Die Künstlerin als Erklärerin ihrer eigenen Ansätze
Sofia Hultén wiederum ist mittlerweile keine unbekannte Künstlerin mehr, mehrfach preisgekrönt und mit internationalen Einzelausstellungen bedacht, steht sie selbst an der Schwelle zu einer größeren öffentlichen Wahrnehmung. Verändert sich dadurch ihre Arbeit, ihr Werk gegenüber früher? Kommen neue Aspekte hinzu? Heißt mehr öffentliche Bedeutung auch größere Bedeutung des Werkes für sich genommen?

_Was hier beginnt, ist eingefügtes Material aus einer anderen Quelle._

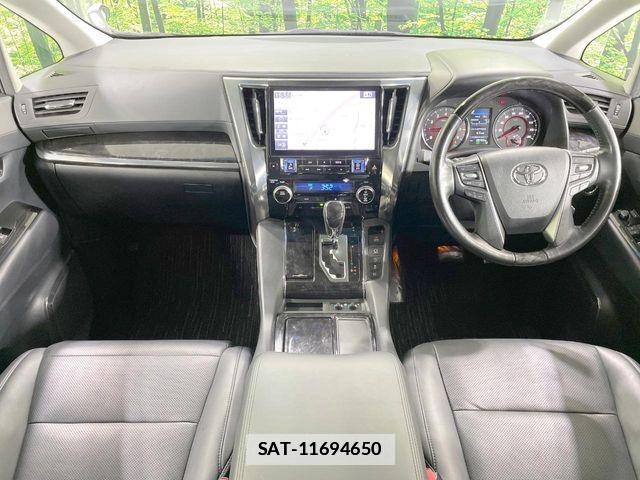 Toyota ALPHARD 2019-09 7782357-1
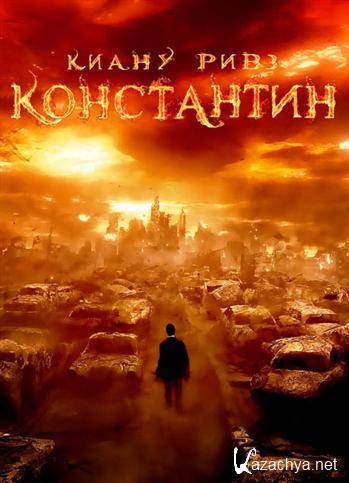 :   / Constantine (2005) BDRip + BDRip-AVC + BDRip 720p + BDRip 1080p + REMUX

Der Rundgang durch die historischen Räume des Braunschweiger Kunstvereins verläuft zirkulär, ein Loop sozusagen, passend zur Arbeitsweise Sofia Hulténs - aber anders als in ihrem Werk ist bei der Rückkehr zum Ausgangspunkt im Vestibül nicht unbedingt alles wie vorher. In den Arbeiten der letzten ein bis zwei Jahre scheint sich hier und da eine Entwicklung abzuzeichnen, die dem Werk, wenn sie sich fortsetzt, insgesamt nicht zum Vorteil gereichen würde - in Arbeiten, die jetzt mehr als heitere Illustration von naturwissenschaftlichen Phänomenen erscheinen, denn als unbekümmerte künstlerische Aktion; die eher vom Willen künden, es dem Betrachter schön zu machen, ihm die Freude schneller kunsthistorischer Assoziationen zu gönnen - wie bei "Statik Elastik", einer schon öfter gezeigten Rauminstallation des Jahres 2012, bei der Hultén benutzte Wagenheber aneinander geschweißt zu Säulen im Raum aufstellt und sie zwischen Boden und Decke verspannt werden. Fragilität und Wirkmacht dieser Konstruktion beeindrucken spontan, gebildete Betrachter werden sich vielleicht tatsächlich an Constantin Brancusis futuristische "Unendliche Säule" erinnert fühlen. Ähnlich ergeht es einem bei einigen anderen Arbeiten auch, in denen die Künstlerin mehr zu einer Erklärerin, zur Veranschaulicherin ihrer eigenen Ansätze wird. Eine Tendenz, die man schon bei ihrem inzwischen berühmten, nordischen Künstlerkollegen Olafur Eliasson beobachten konnte. Auch er begann einst in den 90er-Jahren mit kleinen, frechen Interventionen, die eher an künstlerische Lausbubenstreiche erinnerten, und wandelte sich mit wachsender Bekanntheit immer mehr zum Pädagogen und Selbsterklärer mit repräsentativer Attitüde. Möge dem bislang wunderbar unprätentiösen Werk Sofia Hulténs dieser Weg erspart bleiben.